In Paris’s belle époque, Symbolism offered an escape from the hardships of everyday life via waking dreams and mysticism. Inspired by movements such as Rosicrucianism—the seventeenth-century Brotherhood of the Rosy Cross—a dizzying amount of Spiritualist groups gained a foothold in the imaginations of artists and writers.

Two of them in particular were to have an impact on modern art: Theosophy, and London’s Hermetic Order of the Golden Dawn, a late nineteenth-century secret, ceremonial magic order devoted to the study of the occult, metaphysics and the paranormal.

In the mid-1990s, I was granted a fellowship from my art school in Melbourne to travel to London to paint. A few months after I arrived, I visited the Royal Academy to see an exhibition of work by the so-called Young British Artists—Damien Hirst, Sarah Lucas and others. I was in a conundrum: I felt I had to return to Australia, but I wanted to stay in London. I was looking for something but what it was, I couldn’t say.

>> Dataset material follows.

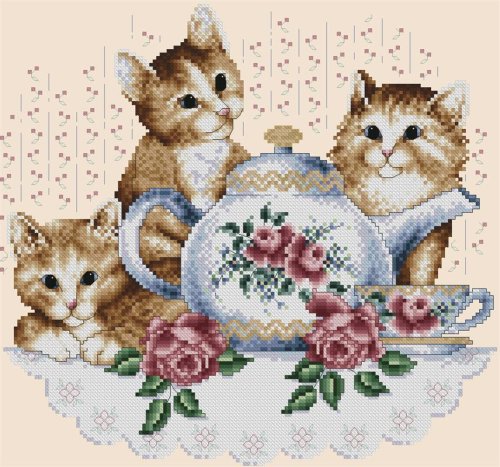 (image for) Teacup Kitties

I knew it wasn’t the work of the Young British Artists; much of it sizzled with life but was too big and brash for my state of mind; it was like being shouted at in a pub. (It reminded me of the Melbourne art movement in the 1980s, which was called “Roar.” My friend David and I decided to start a counter-movement called “Whimper.”) I was worrying about the pictures I was making; the money was running out and I had just begun waitressing in a Soho café called Aurora. (The irony of its celestial name in a city where light pollution had made all but the brightest stars disappear didn’t escape me.) Feeling rather dejected, on my way out of the Royal Academy my attention was caught by a sign advertising a side exhibition of Victorian fairy painting.

I entered and felt an immediate kinship: sixty-six hallucinatory paintings and drawings from the golden age of fairy painting, which took place between about 1840 and 1870—something I knew absolutely nothing about. I was entranced by the near-supernatural powers of observation of Richard Dadd, the wild fancies, translucent beings and benign animals who populated John Anster “Fairy” Fitzgerald’s canvases and the thinly veiled orgies—which masqueraded as meetings of fairy courts—of Noel Paton and Robert Huskisson.

Out of the thirty-five artists included in the show, only two were women: the pre-Raphaelite painter, illustrator and women’s rights campaigner Eleanor Fortescue-Brickdale, and the Italian-British artist, writer, illustrator and folklorist Estella Canziani. The strange worlds these artists evoked, so teeming with life, chimed with my sense of dislocation. In one fell swoop my inarticulate longing for something that might elevate a waitress’s daily grind was assuaged.

Whereas the words “fairy painting” now imply something saccharine, in the nineteenth century it was a serious business—a convenient loophole in the skewed logic of Victorian censoriousness. Unlike contemporary fairies, who have been relegated to the nursery, their Victorian audience was an adult one and painters competed to come up with visions that were ever more extreme.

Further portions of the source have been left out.